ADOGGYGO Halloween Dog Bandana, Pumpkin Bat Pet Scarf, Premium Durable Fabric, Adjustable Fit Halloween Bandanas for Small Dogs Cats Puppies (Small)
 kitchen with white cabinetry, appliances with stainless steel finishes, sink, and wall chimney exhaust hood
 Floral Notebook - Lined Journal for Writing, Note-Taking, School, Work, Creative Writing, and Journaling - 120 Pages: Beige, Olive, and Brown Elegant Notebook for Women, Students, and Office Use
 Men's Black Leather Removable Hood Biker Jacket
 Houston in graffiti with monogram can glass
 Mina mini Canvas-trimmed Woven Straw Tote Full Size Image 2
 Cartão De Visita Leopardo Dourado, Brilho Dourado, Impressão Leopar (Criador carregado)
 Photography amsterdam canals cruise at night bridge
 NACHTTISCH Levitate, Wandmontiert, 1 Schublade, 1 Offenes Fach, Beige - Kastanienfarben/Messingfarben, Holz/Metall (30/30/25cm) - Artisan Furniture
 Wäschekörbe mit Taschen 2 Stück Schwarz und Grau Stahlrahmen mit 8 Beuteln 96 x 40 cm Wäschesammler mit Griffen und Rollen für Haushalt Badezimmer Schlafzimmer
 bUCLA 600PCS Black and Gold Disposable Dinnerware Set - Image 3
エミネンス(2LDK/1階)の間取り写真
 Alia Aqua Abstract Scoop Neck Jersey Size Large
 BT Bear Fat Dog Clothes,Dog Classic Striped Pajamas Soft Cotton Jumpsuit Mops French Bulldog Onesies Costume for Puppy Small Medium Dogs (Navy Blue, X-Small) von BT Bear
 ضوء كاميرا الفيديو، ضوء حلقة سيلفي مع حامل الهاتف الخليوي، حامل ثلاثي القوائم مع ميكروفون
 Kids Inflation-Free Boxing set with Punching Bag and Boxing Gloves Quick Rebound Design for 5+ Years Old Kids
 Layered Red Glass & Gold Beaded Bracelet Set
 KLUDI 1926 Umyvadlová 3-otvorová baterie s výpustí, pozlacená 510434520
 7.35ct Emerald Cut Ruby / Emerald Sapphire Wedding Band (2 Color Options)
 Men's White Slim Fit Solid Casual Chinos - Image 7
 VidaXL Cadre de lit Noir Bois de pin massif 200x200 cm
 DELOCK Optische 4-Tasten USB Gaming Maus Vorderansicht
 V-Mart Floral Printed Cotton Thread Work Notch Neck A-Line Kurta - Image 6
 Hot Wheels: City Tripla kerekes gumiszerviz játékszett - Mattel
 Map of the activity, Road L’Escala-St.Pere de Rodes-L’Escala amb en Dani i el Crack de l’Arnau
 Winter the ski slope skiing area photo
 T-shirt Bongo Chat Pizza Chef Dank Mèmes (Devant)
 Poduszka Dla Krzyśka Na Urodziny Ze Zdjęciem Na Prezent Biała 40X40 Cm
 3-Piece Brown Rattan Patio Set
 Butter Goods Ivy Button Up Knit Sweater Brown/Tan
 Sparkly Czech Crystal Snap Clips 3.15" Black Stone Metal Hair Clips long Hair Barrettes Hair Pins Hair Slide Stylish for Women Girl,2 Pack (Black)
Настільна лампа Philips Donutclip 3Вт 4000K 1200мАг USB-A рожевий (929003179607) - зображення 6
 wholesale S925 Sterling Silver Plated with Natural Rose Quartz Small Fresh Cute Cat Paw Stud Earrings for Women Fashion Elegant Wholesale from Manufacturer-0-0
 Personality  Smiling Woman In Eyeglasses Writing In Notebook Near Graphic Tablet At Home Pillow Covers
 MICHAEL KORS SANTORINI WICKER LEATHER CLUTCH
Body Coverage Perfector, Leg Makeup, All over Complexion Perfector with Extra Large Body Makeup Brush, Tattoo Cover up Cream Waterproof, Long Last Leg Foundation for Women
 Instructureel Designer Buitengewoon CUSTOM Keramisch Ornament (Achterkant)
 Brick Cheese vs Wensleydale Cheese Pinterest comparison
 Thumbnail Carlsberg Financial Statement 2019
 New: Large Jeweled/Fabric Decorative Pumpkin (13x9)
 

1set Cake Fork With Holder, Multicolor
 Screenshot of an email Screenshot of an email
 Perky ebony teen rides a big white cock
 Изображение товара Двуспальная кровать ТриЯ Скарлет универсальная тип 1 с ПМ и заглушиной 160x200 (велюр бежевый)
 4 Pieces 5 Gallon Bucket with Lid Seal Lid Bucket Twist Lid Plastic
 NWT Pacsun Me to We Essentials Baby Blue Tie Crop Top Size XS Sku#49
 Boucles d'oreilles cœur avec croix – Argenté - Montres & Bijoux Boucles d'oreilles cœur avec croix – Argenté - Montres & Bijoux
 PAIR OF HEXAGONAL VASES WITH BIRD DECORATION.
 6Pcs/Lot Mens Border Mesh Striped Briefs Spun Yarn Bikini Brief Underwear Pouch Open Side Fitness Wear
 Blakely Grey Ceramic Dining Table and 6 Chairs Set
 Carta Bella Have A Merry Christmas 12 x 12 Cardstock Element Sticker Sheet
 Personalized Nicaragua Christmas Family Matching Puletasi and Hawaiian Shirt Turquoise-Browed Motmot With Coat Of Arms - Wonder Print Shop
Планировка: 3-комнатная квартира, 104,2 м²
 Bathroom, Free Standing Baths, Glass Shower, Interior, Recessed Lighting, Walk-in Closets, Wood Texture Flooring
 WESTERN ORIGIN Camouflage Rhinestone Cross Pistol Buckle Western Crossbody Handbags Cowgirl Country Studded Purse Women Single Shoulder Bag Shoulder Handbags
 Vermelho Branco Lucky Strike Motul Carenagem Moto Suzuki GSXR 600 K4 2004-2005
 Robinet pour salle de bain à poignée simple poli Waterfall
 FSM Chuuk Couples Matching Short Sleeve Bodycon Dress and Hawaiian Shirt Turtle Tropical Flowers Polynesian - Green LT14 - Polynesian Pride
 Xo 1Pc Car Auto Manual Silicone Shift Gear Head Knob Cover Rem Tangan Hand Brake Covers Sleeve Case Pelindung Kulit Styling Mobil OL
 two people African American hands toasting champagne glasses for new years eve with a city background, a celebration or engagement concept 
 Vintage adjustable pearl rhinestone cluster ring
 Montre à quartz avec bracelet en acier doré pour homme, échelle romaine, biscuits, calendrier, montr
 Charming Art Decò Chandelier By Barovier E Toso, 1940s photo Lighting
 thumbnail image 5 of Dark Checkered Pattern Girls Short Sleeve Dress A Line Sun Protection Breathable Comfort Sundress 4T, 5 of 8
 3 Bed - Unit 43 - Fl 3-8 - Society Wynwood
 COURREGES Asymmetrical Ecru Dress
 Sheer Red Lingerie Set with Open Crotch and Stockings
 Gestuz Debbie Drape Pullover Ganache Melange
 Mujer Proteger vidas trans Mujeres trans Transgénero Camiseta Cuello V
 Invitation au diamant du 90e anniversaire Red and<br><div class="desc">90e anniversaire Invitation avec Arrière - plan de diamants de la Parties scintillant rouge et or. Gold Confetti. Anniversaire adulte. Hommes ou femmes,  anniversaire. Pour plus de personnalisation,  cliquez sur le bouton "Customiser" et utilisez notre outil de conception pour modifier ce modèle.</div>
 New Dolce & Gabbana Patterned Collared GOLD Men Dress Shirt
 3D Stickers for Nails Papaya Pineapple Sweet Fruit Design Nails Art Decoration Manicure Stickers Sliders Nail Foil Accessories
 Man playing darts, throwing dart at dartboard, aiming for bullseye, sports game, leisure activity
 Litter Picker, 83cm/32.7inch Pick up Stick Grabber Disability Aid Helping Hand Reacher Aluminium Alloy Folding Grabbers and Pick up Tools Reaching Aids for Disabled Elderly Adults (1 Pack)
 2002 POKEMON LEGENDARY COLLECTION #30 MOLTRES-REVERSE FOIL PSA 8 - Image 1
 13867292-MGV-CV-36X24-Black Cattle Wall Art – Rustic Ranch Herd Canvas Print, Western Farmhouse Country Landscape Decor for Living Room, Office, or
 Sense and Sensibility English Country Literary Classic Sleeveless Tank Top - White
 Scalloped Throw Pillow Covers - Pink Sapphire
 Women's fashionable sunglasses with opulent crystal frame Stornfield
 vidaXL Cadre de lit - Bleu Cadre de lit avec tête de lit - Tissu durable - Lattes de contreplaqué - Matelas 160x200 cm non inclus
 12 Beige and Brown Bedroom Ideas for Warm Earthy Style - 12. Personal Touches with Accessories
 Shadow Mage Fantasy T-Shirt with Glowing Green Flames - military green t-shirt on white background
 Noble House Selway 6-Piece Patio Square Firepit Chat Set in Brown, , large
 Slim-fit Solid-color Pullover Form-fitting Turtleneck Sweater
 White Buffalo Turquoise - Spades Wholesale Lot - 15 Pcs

— YOUR GOAL —
Out of the material above, output word for word the line with "Sense and Sensibility", the line with "12 Beige and", and all lines between them, with nothing else.

— ANSWER FOR THIS EXERCISE —
 Sense and Sensibility English Country Literary Classic Sleeveless Tank Top - White
 Scalloped Throw Pillow Covers - Pink Sapphire
 Women's fashionable sunglasses with opulent crystal frame Stornfield
 vidaXL Cadre de lit - Bleu Cadre de lit avec tête de lit - Tissu durable - Lattes de contreplaqué - Matelas 160x200 cm non inclus
 12 Beige and Brown Bedroom Ideas for Warm Earthy Style - 12. Personal Touches with Accessories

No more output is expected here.